Mumbai, Oct. 10: A group of citizens and business leaders today issued an open letter urging “the urgent passage of a well-crafted Lokpal bill” but did not mention Anna Hazare or his version of the anti-corruption legislation.
The group appeared to suggest the current Lokpal bill was limited in its scope but still termed it a “small but critical step” in the battle against corruption. Its view of Hazare’s proposed Jan Lokpal bill remained unclear.
“It is imperative, however, that legislative reforms be constructively and constitutionally debated in a time-bound and orderly manner and not in uncivil and hostile environments,” said the letter, addressed just to “leaders”.
“Disruption, both in Parliament and outside, is socially debilitating and erodes public confidence,” it added.

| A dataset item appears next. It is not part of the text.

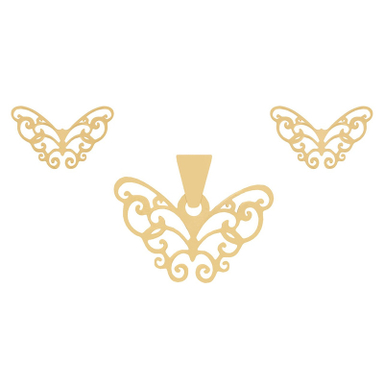 نیم ست طلا 18 عیار ماهک مدل MS0219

Among the signatories were Azim Premji of Wipro, Deepak Parekh of HDFC Bank, Anu Aga of Thermax, Jamshyd Godrej of Godrej & Boyce, former RBI governor Bimal Jalan, Mahindra patriarch Keshub Mahindra, and Justices Sam N. Variava and B.N. Srikrishna.
The letter said the Lokpal bill was aimed at addressing “episodic corruption” but was unlikely to have a significant impact on “insidious and demeaning” day-to-day graft.

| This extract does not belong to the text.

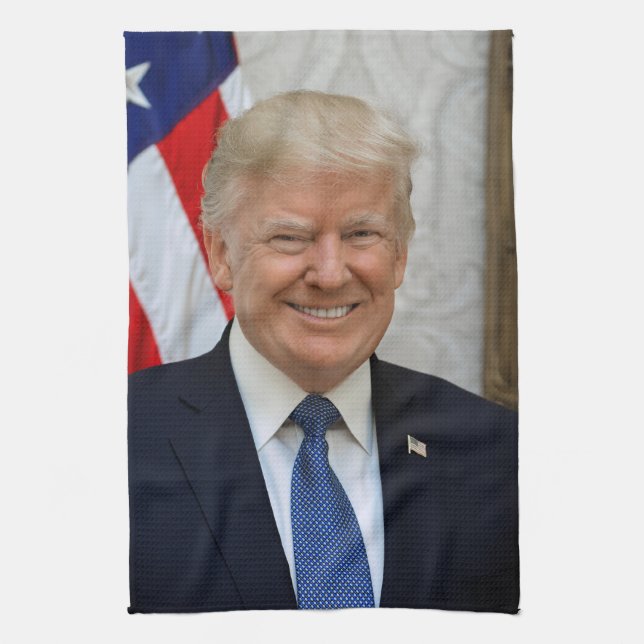 45 President Donald Trump Tea Towel (Vertical)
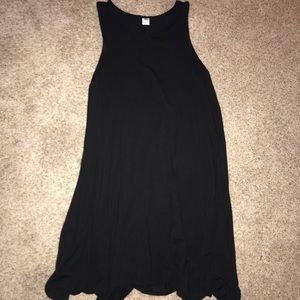 Black flowy dress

“We support the need for the urgent passage of a well-crafted Lokpal bill by Parliament.... We, however, believe that the Lokpal bill is only one small but critical step in the national task of weeding out the plague of corruption in India,” it said.
The group made a specific suggestion to follow a UK law in making it punishable to “offer, receive and fail to prevent bribery”.
This was the group’s second open letter this year. The first, issued on January 17, had focused on the growing governance deficit, rising corruption, environmental challenges, and the need to distinguish between “dissent” and “disruption”.
Today, the group also called for land, judicial, electoral, police and economic reforms, and said more judges needed to be appointed and fast-track courts set up to properly implement the Lokpal bill.
The letter backed environmental protection, adding that delayed and deadlocked environmental clearances slowed down investment proposals and hampered economic growth. It backed online auction of natural resources.